##### STUDY MATERIAL

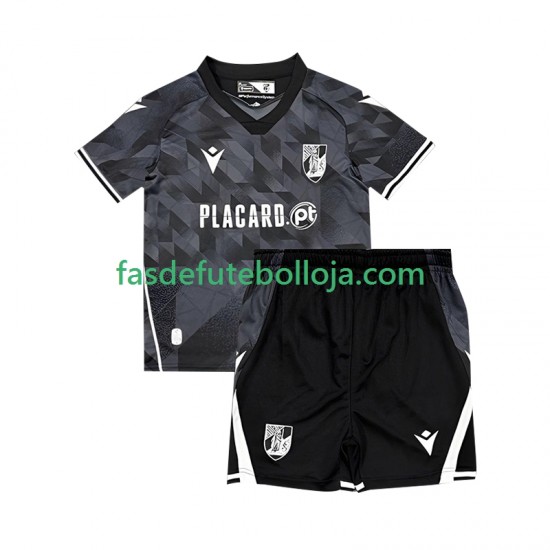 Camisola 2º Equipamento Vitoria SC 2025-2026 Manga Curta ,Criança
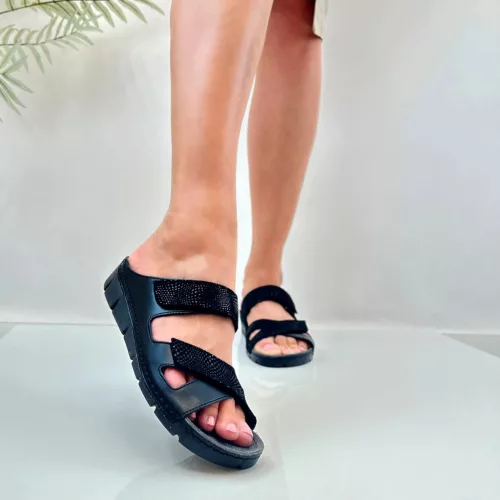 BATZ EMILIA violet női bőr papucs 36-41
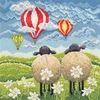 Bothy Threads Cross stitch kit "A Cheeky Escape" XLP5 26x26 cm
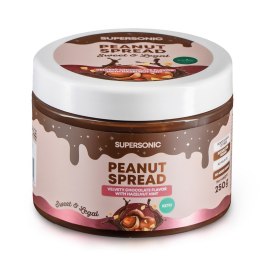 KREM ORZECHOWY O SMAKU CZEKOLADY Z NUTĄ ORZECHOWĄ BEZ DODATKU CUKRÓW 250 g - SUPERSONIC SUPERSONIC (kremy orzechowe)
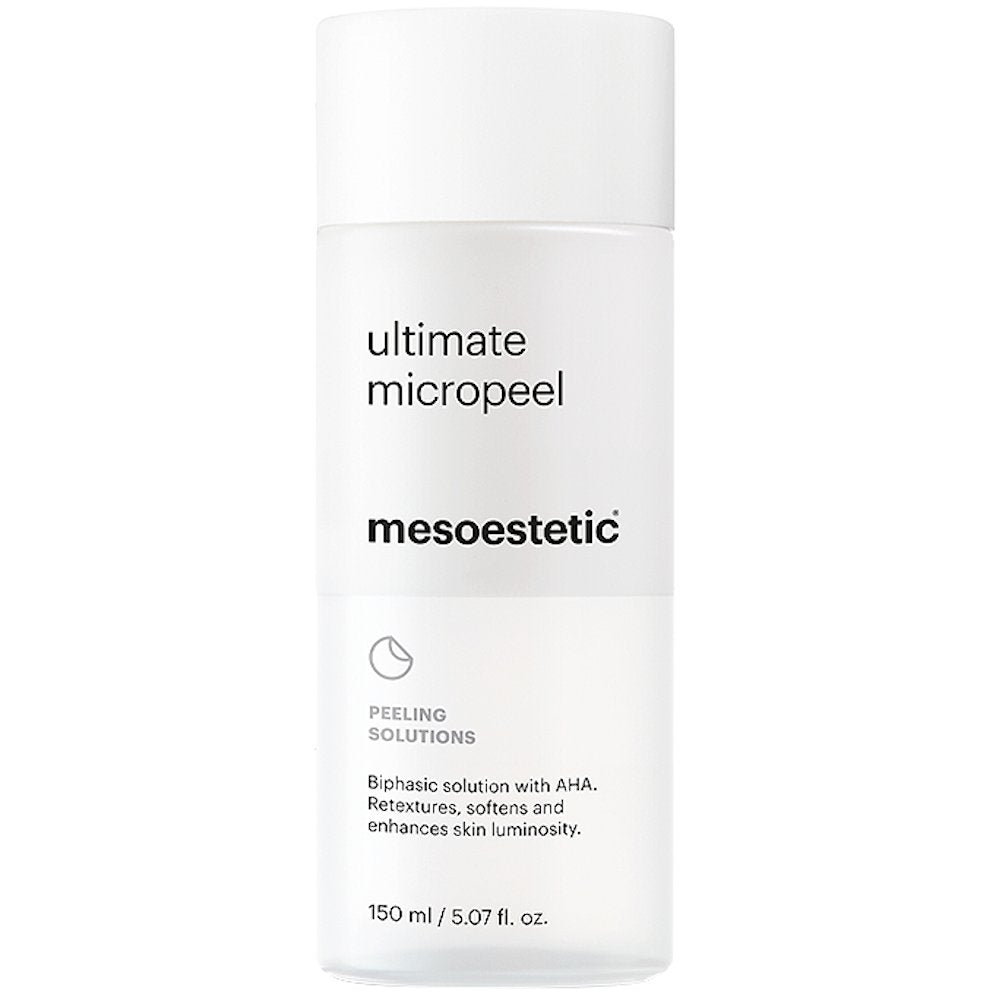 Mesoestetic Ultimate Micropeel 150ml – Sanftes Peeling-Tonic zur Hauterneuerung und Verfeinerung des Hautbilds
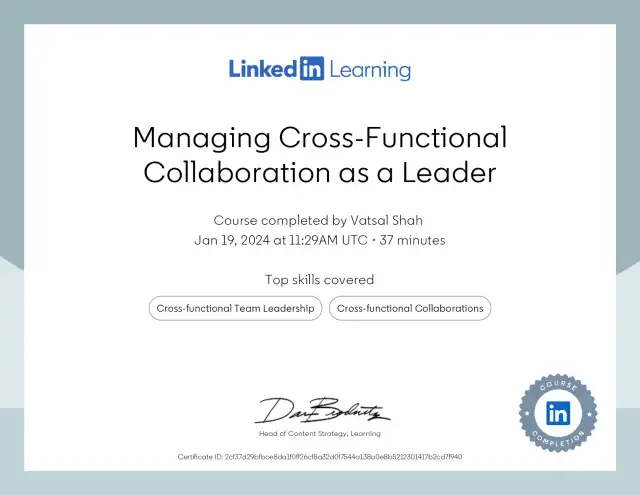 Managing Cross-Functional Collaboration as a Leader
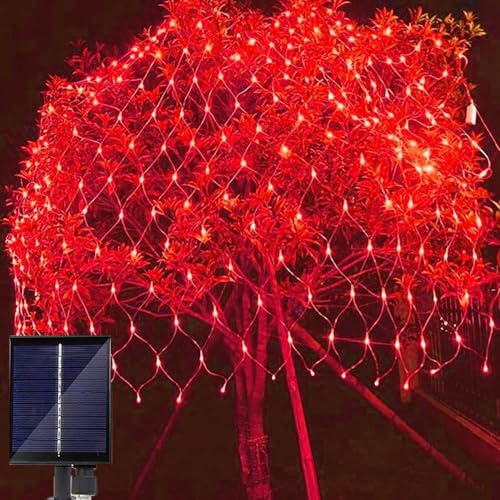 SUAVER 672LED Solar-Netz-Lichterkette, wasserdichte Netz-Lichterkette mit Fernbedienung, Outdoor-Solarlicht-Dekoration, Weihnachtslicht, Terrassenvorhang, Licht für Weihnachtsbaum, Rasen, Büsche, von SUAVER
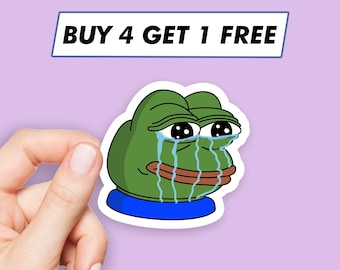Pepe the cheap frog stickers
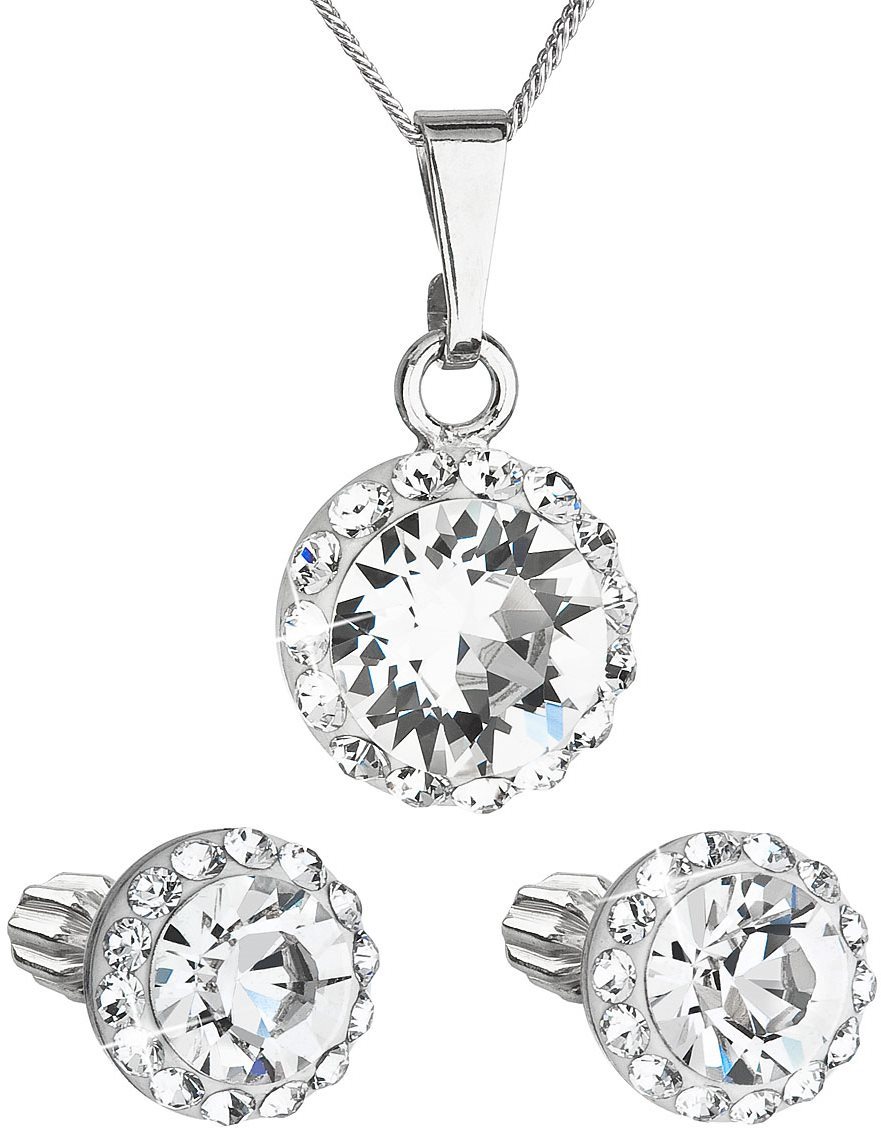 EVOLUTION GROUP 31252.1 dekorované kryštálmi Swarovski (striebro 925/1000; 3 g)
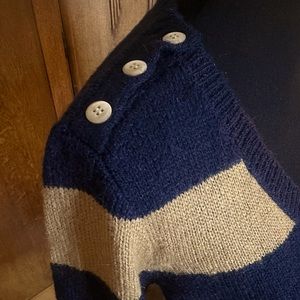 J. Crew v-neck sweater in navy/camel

##########

Nothing but the lines from the one that holds "Pepe the cheap frog stickers" through the end of the data should appear, written out exactly, without pictures.

Pepe the cheap frog stickers
 EVOLUTION GROUP 31252.1 dekorované kryštálmi Swarovski (striebro 925/1000; 3 g)
 J. Crew v-neck sweater in navy/camel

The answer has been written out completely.